There's an old saying in the Middle East that there are three levels of dead: dead, dead and buried, dead and buried and not coming back. Right now the peace talks are dead and the guys with the shovels, Benjamin Netanyahu and Mahmoud Abbas, can't decide whether to keep digging or resume talking.
Each leader thought he was clever enough to kill the talks and put the blame on the other, but blame is about the only thing they have in common.
John Kerry still thinks he can resurrect the talks but even if he does, it's not clear what that will mean. Neither Netanyahu nor Abbas ever made a convincing case that he seriously was ready, willing or able to make peace. Over the past nine months there is scant evidence they ever got beyond talking about talking about peace. Nine months ago Kerry thought he could produce a peace treaty by now, but when that turned out to be Mission Impossible he went for an outline for peace talks, but even that proved elusive.
Right now all either side is talking about is what they can do to make the other one’s life miserable. And they seem to be doing a pretty good job of that.
They may actually decide to resume the Kerry round of talks, but not because they’ve suddenly decided they want peace with each other, but they do want peace with Washington, which pours billions into their economies.
They also want the political benefits friendship with the United States brings them. Both sides want and need each other’s security cooperation, starting with protection from Iran’s friends and proxies.
Netanyahu wants the Obama administration to keep the pressure on Iran in the nuclear talks, protect Israel from international isolation and prevent another Intifada.
The winners in the breakdown are the hardliners and rejectionists on both sides.

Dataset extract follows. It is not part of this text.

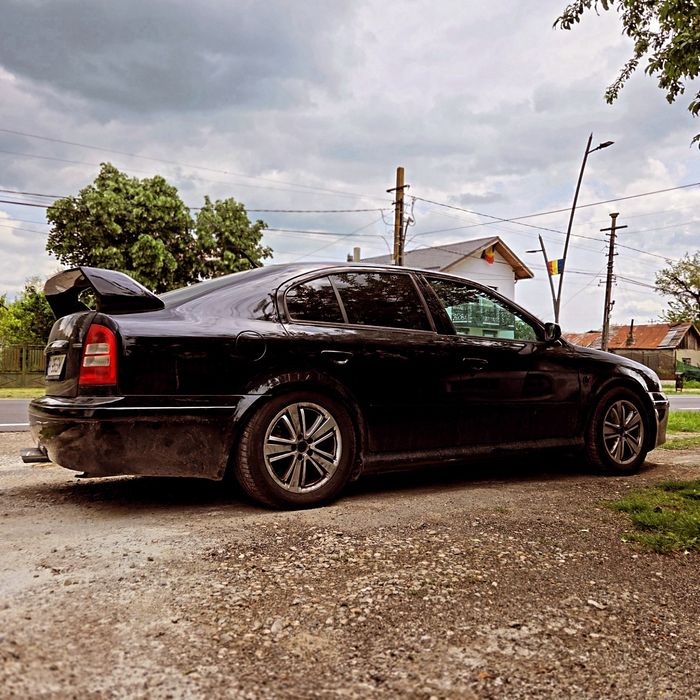 Skoda Octavia 1  1.8T Elegance / Vrs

Interestingly, Israeli and Palestinian public opinion supports a two-state solution, but each leader is shackled with splintered and hardline ruling circles he can't control. Conversely, there is no strong grassroots public pressure on either side to make a deal; for now, the status quo is acceptable.
Don’t be surprised if an exasperated Kerry tells both sides what one of his predecessors, James A. Baker III, told them in 1990: We can't want it more than you do. When you're serious about peace, call us.
Even if these talks resume, the prospects for finding life in them is remote. For now they may be dead, but in the Middle East that's not final.
What will it take to get the two sides to bring real life to the peace table and make a serious effort? New elections and new leaders, not new bribes.